E hanno invece affollato le assemblee sulle fusioni, i tavoli per la raccolta delle firme e, come domenica scorsa, i seggi elettorali dei referendum. Non si è trattato, peraltro, di una rivolta plebea, ma di un movimento strutturato, che ha visto al centro e alla testa una classe di amministratori, di sindaci e consiglieri comunali, che in modo civico e trasversale hanno proposto e via via imposto una via nuova alla soluzione del principale problema dell'autonomia trentina: riequilibrare il peso della Provincia, accrescendo quello dei comuni e trasformando le comunità in strumento di gestione associata di alcune funzioni da parte dei comuni stessi, divenuti nel frattempo di meno, più grandi e più forti, sia nelle comunità, che dinanzi alla Provincia.

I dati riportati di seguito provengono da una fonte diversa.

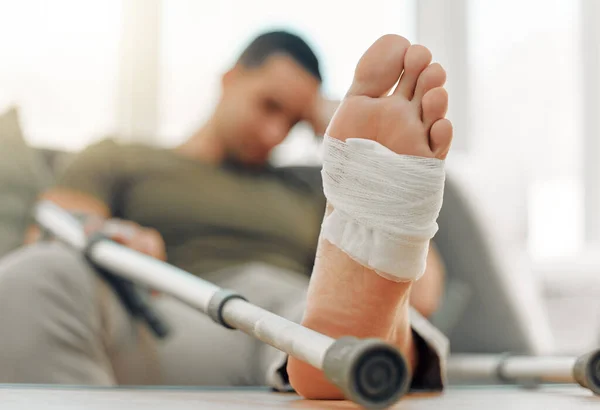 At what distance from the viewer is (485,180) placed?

Va dato atto all'assessore Daldoss di aver perseguito e di voler perseguire questo obiettivo strategico con lucidità e coerenza, potendo peraltro contare sul sostegno convinto del presidente Rossi e della Giunta provinciale. I partiti, ha ragione il direttore Giovanetti, a cominciare da quelli del centrosinistra autonomista, sono stati spiazzati. Forse sarebbe ancora più giusto dire sono stati attraversati: da un movimento civico che si è presentato come trasversale. E si sono divisi, come si sono divise le comunità locali, tra sostenitori di questa nuova via, e oppositori ad essa, in nome della difesa dell'ente intermedio. C'è da sperare che la nettezza del responso elettorale di domenica scorsa chiuda la fase della discussione circa la strada da intraprendere e consenta di concentrare energie e risorse politiche in questa grande riforma dal basso, che non può che giovare alla nostra autonomia: alla sua sostenibilità finanziaria, alla sua qualità civile e democratica e alla sua credibilità in campo nazionale, come piccolo, ma interessante laboratorio riformista.